With colored lights and shadow puppets that double as kinetic sculptures, the installation will “morph the stone walls of the gorge into a modern-day cave painting,” Houle says.
Houle has crafted five bald eagle sculptures from recycled plastic bags to use as shadow puppets. The bird sculptures began with Houle researching specimens in the Cornell Lab of Ornithology’s taxonomic collections. The walls of her studio in the Foundry are filled with painted renderings of bird and animal life.
A native of New Hampshire, Houle taught art for K-8 students in Boston before coming to Cornell.
“I’ve always loved and been interested in animals [and] how other beings perceive the world,” she says. “A lot of my work focuses on the intersection of humans and animals – the difference between us as organisms, the interconnectedness of us as species on this planet and the spirituality I find in that.”
She will project colors into the waterfall with 1,000-watt halide construction lights and create a shadow play of birds on the site, and she will film and take photographs of the installation to add to a body of work she is generating.
The work also aims to create awareness of the lingering environmental threat of lead contamination around Ithaca Falls, Houle says.
It was the site of a temporary installation by artist Hans Haacke in the Cornell-sponsored “Earth Art” exhibition in 1969. Gorges and waterfalls are identifying features of the regional landscape and are seldom viewed at night, she says.

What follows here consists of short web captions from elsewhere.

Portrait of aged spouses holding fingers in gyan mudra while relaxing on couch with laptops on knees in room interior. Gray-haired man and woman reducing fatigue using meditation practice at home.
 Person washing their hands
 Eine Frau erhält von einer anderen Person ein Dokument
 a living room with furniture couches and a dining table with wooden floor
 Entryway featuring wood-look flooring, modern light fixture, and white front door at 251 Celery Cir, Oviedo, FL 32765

The dramatic backdrop for “Featherlight” was used by silent filmmakers, including the Wharton brothers a century ago. The Ithaca Gun Co., formerly located above the site, also used hydropower from the falls – and over its 104-year history, gunsmiths shot lead ammunition directly into the falls for testing. (“Featherlight” also was an Ithaca shotgun model.) The surrounding area, contaminated by lead and chemicals used in manufacturing, was designated a Superfund site by the Environmental Protection Agency before it was decontaminated from 2000 to 2004. There are still high levels of toxins there, however, Houle says.
“In the city, there is a proposal for three alternative cleanup processes,” she says. “I’m not doing this to point a finger at anyone – it’s more to bring this into public awareness. I know it will feed into my other work; a public art piece is something I’ve wanted to do for a long time.”
The project is supported by the Cornell Council for the Arts. The student group Friends of the Gorge also will assist the night of the installation. The entrance to Ithaca Falls is at the intersection of Falls and Lake streets. Rain date: Sept. 27. Flood date: Oct. 4.